КОМУ ЗАНИМАТЬСЯ ЭТИМ ПРЕДМЕТОМ?

Странный вопрос, но почему он возникает? В МГУ, например, вскоре после войны из кафедры русской литературы выделилась кафедра советской литературы, которую возглавила Е. Ковальчик. И переходя на эту кафедру, покойный Б. Михайловский «увел» с собой свой предмет – «литературу XX века». Он был крупным специалистом по этому периоду, еще до войны вышел его учебник по русской литературе начала века. А в ЛГУ тоже образовалась кафедра советской литературы, но литература рубежа веков осталась у «классиков», благо там было кому ее опекать…

Теперь по всей стране существуют два варианта распределения материала: «московский» – преимущественный – и «ленинградский». Что же касается академических институтов – ИМЛИ и ИРЛИ, – то там, наряду с разделением литературы по секторам (древняя, XVIII, XIX век), есть специальные группы по изучению литературы XX века.
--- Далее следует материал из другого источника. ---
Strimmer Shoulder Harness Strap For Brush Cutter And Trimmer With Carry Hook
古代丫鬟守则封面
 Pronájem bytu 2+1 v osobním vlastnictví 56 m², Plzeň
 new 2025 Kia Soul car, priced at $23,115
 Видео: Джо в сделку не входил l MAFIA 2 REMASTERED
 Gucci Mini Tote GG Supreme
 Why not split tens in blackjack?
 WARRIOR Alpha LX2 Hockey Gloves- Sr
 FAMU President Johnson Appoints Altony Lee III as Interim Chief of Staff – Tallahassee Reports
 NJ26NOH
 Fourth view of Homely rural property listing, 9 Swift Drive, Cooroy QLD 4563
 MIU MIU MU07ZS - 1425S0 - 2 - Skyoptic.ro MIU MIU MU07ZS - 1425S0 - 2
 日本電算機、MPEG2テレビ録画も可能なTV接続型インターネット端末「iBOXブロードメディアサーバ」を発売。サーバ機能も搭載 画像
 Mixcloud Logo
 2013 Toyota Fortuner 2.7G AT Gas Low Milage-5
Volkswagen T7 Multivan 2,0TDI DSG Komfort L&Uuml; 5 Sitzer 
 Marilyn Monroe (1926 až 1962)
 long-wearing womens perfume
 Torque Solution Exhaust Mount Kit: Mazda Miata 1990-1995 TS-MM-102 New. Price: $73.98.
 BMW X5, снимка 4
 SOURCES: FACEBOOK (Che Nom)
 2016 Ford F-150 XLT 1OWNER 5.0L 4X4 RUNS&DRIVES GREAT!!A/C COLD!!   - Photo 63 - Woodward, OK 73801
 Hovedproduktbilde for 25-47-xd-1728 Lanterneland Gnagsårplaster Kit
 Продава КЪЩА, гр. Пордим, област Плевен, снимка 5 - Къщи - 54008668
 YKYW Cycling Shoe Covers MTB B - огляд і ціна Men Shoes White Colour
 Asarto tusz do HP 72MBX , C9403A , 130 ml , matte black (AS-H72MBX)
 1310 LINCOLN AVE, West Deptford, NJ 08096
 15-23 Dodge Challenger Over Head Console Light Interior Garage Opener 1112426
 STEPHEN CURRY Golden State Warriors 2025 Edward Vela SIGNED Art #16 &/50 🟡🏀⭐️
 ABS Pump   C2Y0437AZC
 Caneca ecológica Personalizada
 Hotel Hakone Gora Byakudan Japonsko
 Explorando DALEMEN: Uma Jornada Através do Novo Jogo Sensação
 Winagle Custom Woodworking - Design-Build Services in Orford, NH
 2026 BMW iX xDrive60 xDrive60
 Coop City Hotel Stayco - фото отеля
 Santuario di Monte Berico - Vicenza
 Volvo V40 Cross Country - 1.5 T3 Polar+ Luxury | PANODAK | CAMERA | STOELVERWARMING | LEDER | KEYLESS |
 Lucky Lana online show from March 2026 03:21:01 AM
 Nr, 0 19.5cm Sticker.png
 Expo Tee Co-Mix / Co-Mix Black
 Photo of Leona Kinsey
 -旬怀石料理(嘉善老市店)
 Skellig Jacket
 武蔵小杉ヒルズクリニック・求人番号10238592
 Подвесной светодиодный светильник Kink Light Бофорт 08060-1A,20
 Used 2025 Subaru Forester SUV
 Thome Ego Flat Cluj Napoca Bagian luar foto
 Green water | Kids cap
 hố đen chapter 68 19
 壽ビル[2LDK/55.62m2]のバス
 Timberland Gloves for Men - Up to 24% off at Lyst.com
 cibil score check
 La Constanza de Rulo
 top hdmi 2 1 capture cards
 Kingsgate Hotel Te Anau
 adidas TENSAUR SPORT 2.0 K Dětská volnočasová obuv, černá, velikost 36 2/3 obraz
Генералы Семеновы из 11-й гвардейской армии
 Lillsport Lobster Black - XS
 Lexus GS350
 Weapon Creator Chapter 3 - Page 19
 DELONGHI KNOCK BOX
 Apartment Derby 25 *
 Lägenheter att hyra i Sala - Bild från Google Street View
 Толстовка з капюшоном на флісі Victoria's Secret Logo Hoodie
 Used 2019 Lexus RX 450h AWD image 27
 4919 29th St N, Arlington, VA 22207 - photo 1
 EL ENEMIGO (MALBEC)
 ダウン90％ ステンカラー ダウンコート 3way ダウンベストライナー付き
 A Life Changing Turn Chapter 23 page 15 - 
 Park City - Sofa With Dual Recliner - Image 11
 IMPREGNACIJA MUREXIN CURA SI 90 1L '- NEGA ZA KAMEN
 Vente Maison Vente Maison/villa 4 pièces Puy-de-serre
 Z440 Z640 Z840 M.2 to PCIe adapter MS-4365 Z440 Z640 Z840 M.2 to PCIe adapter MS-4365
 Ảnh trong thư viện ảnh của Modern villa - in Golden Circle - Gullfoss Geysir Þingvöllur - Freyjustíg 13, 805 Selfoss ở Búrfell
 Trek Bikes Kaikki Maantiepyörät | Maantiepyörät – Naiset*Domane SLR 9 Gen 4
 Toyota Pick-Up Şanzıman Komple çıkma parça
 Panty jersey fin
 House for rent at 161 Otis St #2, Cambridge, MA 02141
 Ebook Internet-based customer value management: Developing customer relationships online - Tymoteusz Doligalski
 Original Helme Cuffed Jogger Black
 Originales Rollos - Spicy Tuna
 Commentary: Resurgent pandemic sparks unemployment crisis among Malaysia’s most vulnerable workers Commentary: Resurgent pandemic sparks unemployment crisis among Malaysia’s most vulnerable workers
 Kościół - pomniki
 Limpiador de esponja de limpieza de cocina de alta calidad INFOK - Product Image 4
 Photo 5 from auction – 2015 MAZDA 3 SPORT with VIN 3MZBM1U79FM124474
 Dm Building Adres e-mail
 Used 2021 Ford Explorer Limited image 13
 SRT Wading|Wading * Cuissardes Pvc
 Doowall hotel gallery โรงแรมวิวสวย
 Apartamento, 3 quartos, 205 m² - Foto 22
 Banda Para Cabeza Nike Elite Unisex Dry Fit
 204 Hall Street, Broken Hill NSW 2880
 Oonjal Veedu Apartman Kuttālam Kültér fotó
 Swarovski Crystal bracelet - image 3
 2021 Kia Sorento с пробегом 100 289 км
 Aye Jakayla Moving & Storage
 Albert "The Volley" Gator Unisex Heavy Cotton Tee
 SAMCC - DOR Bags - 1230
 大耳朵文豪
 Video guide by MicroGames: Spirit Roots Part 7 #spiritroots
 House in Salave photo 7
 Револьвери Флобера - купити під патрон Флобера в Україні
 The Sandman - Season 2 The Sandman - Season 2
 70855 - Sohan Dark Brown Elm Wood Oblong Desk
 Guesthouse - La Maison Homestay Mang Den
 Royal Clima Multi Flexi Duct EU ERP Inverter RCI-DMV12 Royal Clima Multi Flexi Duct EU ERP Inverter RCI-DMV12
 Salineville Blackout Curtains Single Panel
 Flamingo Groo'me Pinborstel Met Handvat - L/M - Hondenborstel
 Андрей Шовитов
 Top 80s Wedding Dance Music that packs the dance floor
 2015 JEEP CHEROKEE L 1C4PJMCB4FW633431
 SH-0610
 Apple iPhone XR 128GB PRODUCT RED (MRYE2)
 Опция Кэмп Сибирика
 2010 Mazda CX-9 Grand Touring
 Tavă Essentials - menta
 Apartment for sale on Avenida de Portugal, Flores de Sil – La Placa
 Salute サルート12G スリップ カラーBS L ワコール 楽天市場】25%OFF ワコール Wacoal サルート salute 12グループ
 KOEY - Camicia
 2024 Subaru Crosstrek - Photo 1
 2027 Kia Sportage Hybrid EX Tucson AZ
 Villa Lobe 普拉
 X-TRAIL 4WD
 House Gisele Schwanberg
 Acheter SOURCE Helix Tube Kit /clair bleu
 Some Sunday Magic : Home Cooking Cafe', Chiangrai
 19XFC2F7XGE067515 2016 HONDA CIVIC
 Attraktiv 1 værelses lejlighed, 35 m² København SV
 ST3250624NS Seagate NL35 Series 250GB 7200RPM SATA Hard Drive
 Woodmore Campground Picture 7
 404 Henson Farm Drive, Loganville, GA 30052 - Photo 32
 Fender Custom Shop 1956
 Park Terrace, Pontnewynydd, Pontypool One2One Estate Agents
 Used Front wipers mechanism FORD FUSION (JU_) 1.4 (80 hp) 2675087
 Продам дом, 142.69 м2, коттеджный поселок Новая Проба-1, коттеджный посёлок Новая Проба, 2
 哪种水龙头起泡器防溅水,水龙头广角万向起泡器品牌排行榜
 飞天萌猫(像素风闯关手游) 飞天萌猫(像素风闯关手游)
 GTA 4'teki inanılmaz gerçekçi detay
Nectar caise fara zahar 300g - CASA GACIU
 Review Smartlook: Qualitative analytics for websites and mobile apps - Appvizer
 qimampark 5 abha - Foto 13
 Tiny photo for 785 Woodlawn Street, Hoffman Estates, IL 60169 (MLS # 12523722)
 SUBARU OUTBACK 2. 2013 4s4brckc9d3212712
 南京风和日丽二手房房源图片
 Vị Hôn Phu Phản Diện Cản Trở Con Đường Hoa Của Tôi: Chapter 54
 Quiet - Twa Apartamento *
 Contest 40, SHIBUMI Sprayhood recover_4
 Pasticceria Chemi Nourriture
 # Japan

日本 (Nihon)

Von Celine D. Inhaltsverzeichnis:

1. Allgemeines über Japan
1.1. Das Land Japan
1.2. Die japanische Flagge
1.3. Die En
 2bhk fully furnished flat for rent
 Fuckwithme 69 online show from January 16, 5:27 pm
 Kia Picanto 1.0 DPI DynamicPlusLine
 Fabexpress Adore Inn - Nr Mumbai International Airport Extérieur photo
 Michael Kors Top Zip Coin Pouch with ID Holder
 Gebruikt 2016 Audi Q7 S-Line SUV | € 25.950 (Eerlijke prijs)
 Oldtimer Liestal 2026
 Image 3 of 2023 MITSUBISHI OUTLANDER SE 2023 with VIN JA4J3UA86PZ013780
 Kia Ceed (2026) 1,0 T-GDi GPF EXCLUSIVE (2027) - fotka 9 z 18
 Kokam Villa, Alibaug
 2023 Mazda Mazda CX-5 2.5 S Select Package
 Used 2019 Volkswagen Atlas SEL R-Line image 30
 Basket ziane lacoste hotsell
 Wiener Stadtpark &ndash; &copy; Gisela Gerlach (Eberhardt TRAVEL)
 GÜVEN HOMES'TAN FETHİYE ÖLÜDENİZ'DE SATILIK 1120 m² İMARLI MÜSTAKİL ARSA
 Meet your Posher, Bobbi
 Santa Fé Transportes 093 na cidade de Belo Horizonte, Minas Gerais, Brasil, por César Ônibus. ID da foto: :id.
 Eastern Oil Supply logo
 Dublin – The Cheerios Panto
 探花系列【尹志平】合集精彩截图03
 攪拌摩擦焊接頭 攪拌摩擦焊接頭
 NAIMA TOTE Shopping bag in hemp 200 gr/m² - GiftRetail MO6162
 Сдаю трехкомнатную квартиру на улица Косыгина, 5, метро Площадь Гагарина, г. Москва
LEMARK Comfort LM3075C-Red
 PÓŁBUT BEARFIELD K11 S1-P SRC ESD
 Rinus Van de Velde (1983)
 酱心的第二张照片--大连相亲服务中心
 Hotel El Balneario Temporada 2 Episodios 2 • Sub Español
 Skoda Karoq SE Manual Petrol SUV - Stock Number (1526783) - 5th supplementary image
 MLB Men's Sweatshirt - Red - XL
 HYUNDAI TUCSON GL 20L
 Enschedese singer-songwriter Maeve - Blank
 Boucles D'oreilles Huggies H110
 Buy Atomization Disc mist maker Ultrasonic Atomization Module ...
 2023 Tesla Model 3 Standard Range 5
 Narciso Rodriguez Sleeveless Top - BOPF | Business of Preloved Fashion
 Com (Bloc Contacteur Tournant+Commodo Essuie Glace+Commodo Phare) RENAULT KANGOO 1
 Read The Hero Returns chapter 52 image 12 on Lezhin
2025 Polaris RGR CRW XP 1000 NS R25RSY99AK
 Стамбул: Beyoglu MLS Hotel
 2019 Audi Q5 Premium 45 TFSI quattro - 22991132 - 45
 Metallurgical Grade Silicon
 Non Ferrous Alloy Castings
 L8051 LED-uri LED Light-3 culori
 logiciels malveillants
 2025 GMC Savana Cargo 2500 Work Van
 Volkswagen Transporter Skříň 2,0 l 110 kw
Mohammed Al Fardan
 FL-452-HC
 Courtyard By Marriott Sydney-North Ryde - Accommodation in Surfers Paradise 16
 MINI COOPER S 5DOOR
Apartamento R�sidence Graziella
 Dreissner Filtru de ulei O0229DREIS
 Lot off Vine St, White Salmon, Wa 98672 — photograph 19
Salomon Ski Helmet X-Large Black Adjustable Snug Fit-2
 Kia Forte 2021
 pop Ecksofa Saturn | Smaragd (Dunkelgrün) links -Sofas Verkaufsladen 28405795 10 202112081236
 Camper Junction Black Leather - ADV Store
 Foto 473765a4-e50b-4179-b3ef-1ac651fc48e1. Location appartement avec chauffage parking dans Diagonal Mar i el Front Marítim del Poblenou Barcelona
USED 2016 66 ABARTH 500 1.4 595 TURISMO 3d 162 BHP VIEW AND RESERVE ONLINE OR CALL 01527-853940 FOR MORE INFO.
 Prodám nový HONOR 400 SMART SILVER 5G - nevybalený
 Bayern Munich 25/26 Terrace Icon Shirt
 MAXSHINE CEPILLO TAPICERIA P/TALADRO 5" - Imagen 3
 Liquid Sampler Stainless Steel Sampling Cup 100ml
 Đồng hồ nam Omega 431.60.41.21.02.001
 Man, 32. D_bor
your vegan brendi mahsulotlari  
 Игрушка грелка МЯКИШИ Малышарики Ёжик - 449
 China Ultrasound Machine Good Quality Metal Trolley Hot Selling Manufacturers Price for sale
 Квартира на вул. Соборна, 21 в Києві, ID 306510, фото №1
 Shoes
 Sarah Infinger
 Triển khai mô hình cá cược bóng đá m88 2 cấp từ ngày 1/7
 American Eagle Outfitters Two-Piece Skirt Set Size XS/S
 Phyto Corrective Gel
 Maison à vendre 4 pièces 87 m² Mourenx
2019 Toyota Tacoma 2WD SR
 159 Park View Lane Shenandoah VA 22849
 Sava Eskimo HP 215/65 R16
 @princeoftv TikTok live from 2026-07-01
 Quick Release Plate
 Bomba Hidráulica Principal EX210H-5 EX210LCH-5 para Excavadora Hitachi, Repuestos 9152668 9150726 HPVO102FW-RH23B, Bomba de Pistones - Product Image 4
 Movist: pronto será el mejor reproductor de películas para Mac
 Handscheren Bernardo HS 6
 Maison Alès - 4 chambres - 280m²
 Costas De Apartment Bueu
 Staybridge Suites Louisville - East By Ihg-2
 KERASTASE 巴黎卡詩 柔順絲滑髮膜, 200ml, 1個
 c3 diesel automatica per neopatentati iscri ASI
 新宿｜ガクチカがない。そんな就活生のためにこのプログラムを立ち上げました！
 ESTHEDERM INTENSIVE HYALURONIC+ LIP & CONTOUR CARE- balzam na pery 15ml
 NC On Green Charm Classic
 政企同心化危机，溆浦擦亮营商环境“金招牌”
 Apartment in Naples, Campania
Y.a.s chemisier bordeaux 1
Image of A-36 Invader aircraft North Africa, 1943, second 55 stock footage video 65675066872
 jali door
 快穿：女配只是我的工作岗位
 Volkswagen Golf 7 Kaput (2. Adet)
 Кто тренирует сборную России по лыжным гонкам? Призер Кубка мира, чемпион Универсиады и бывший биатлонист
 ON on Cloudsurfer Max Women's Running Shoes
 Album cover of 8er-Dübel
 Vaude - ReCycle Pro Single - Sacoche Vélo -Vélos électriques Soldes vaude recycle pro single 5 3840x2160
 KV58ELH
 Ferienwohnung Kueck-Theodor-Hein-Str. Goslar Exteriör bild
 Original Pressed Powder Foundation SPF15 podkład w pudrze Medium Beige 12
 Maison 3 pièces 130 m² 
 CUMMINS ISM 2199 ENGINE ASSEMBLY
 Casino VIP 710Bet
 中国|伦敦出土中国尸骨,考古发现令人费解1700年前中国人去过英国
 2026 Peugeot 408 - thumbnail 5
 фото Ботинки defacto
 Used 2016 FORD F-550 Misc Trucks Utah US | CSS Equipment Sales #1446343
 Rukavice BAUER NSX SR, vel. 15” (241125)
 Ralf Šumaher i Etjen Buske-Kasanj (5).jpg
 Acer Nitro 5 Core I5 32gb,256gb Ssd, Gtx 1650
Наличие таких групп само говорит за себя: предмет уважен, но мыслится как «межеумочный» – не до конца поделили, недоспорили. Время от времени в МГУ и ЛГУ возникают страсти на «меже»: одни говорят – этот отрезок наш, другие говорят – наш. Не раз возникали разговоры о необходимости создания особых кафедр по литературе начала XX века.

В принципе литература начала XX века может изучаться и со стороны XIX века, и со стороны советской литературы. Чересполосица, конечно, не все решает, главное зависит от исполнителей, их зоркости, эрудиции, вкуса. Всем хватит работы…

Однако изучению русской литературы двух предоктябрьских десятилетий, при всех его несомненных успехах, весьма существенно разъяснявших контекст, в котором приходилось творить основоположнику социалистического реализма М. Горькому и его соратникам, был нанесен заметный ущерб там, где она рассматривалась лишь как духовный отрицательный продукт гибнущей буржуазии, от которого надо только отталкиваться. О писателях критического реализма сообщалось скороговоркой.

Кто они такие – критические реалисты начала XX века? Это – уловитель «поветрий» Вересаев, допевавший экзотику Куприн («Олеся», «Суламифь»), меланхолически-саркастический Алексей Толстой («Заволжье», «Хромой барин»), мрачно-сосредоточенный Бунин («Суходол», «Деревня»). Добрая половина творчества этих мастеров приходится на «позорное десятилетие». Таким образом, критические реалисты начала века выглядели всего лишь эпигонами, перебиравшими старые темы. В итоге вырастали в своем значении крикливые модернистские «заявки», различного рода «аргонавты», искатели «незатрепанных слов». Писателям, искавшим свое место в революции, в созидательном процессе новой литературы выпадала задача по-своему перелопачивать чужие «заявки». Картина упрощалась донельзя: литература начала XX века – преимущественно декаданс, только ущерб, а новое-г из модернизма.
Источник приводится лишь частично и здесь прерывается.